The full walkthrough lives in docs/Generic_Async_Asset_Upload_Guide.md — an internal document in the cap-creatives-ui repo.

What changed

The numbers, measured post-rollout Feb 3–7, 2026 (CAP-161024):

P99 response time: 6.69s → 1.82s — 76% faster
Trace duration: 4,000ms → 500ms — 88% faster
Error rate: 0% — no regression

The P99 of 6.69s is across all asset types — images upload faster since there's no FFmpeg or BSP call. For video specifically, the synchronous path was 11.9s. Both numbers are real: the P99 captures the fleet average, the 11.9s captures the worst case the user actually experienced.

The API Pod CPU dropped off the 85% ceiling. The external BSP call no longer pins a request thread.

What this bought

The 202 contract is tiny. One status code change on the backend, one branch in a saga on the frontend. The backend can change its queue topology, add worker replicas, or swap brokers without the frontend knowing. The frontend can change its feedback model without touching the API. They evolve independently — and for a platform with five more channels that aren't async yet, that matters.

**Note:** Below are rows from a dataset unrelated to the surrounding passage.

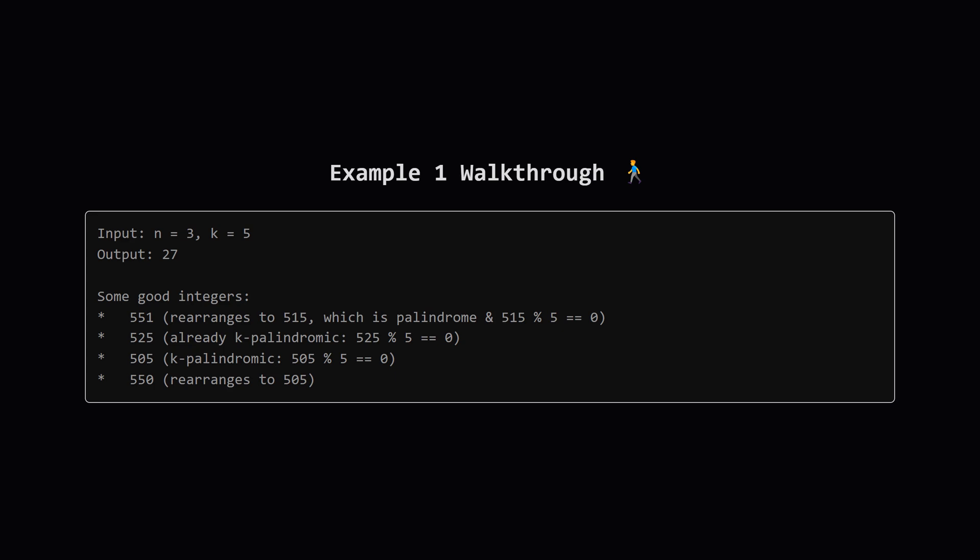How about 525? It's already a palindrome and it's divisible by 5. So 525 is also good. Now, 505: it's a palindrome, divisible by 5. It's good. What about 550? Rearrange it, you get 505 again. Since 505 is k-palindromic, 550 is also good. The final answer is 27, because there are several such combinations that work.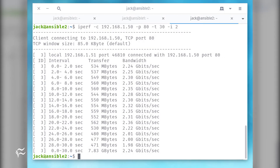If that basic test doesn't give you enough data, you can always customize the command. For instance, if you want to test on port 80, run the test for 30 seconds, and display transfer data every two seconds, the command would look like: iPerf -c server_IP -p 80 -t 30 -i 2, where server_IP is the IP address of the listening server. This command should give you significantly more information.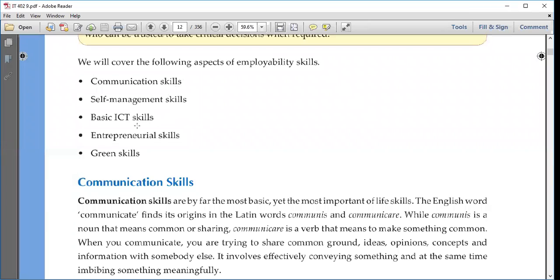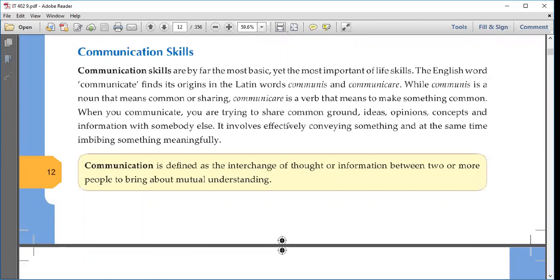Communication is the skill we will cover. The English word 'communicate' finds its origin from the Latin words 'communis' and 'communicaire,' which mean 'sharing' or 'common' — to make something common. Communication is the exchange of information or thoughts between two or more people to bring about mutual understanding so that people can understand each other.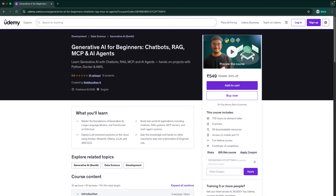And right now, there is a special limited-time launch offer. You can get this full course for just 549 Indian rupees. So if you want to dive into Generative AI, this is the best time to start.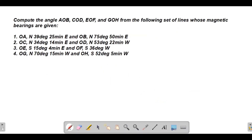This video will discuss a sample problem on determining angles between two lines in which the bearings of the lines are given. If you observe the given problem, most of the given angles are less than 90 degrees — that's one property of bearings: they're always less than 90 degrees.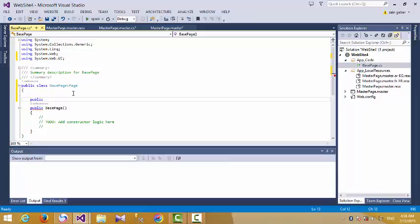We override the function InitializeCulture. What is the meaning of culture? Culture means the appearance of the language and the content of the language, such as the type of writing used in that language.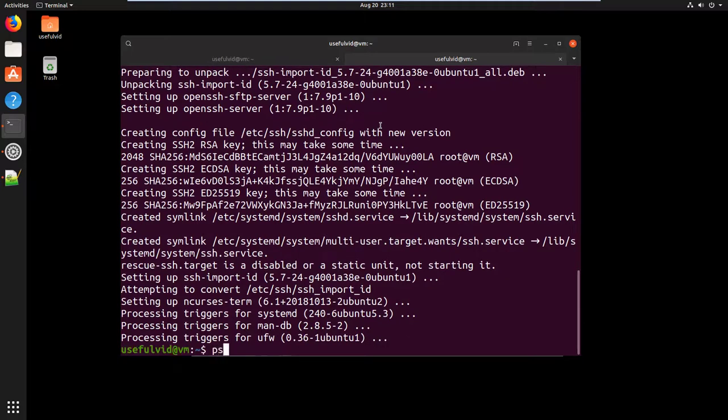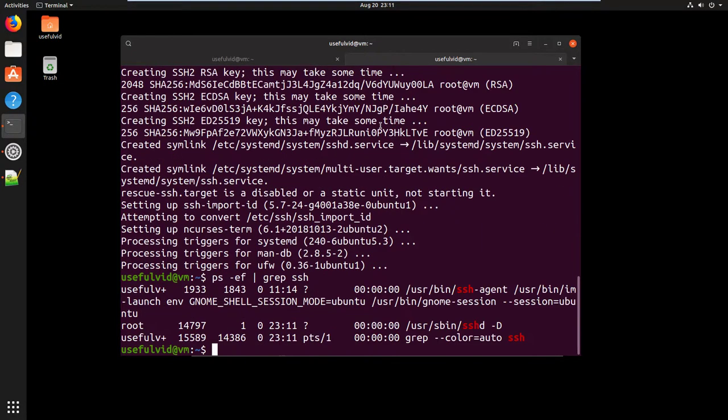After the installation you can check with the ps command if the SSH server is running.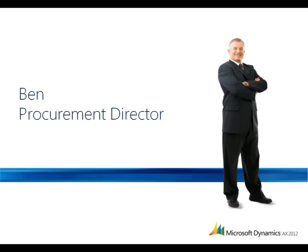Let's see how Microsoft Dynamics AX makes it possible for Ben, a procurement director, to manage the procurement process across his organization.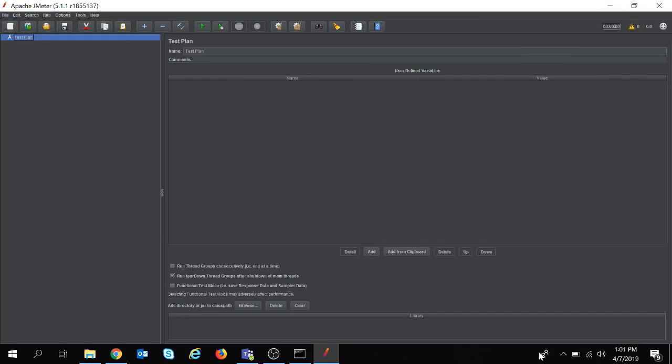Now the JMeter is running and yes we have completed the installation of JMeter in the system. In the next tutorial we will see how we can set up the JMeter for our various performance testing requirements. Thank you.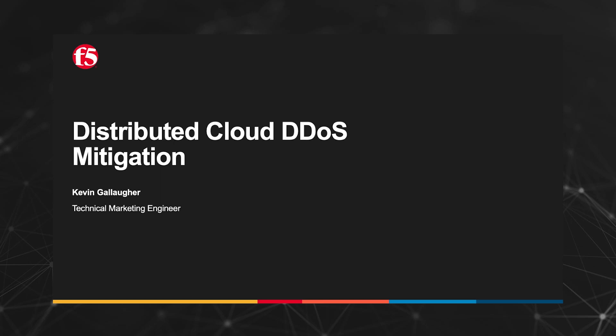Hello, I'm Kevin Gallagher, technical marketing engineer with F5, and I'd like to show you a demo about our new distributed cloud DDoS mitigation solution.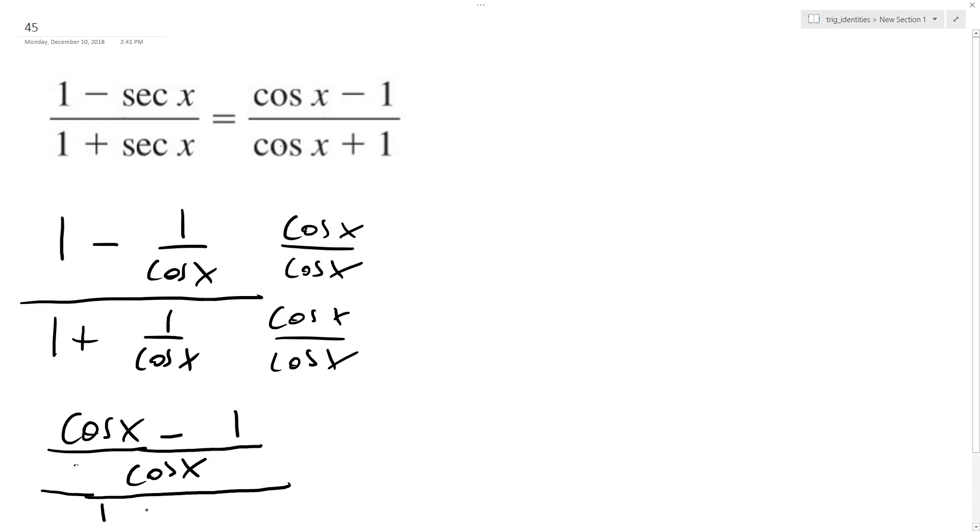And then 1 plus, cosine of x plus 1 over cosine of x.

The harder part wasn't making the async path work. It was making it safe — concurrent uploads, stale saga cancellation, the video thumbnail edge case — and making it extensible so the next engineer wiring MobilePush or Email doesn't have to think about any of this. Three factory functions and fifteen lines. That's the whole wiring surface.

If I were starting this again, I'd build the extension pattern before wiring the first channel. WhatsApp and Viber were built as one-offs before the framework existed — the framework emerged from the repetition, which meant a refactor. You can't always design abstractions in advance, but treating the second channel as a forcing function for the pattern would have saved a pass.

One 202 status code. The rest is just engineering.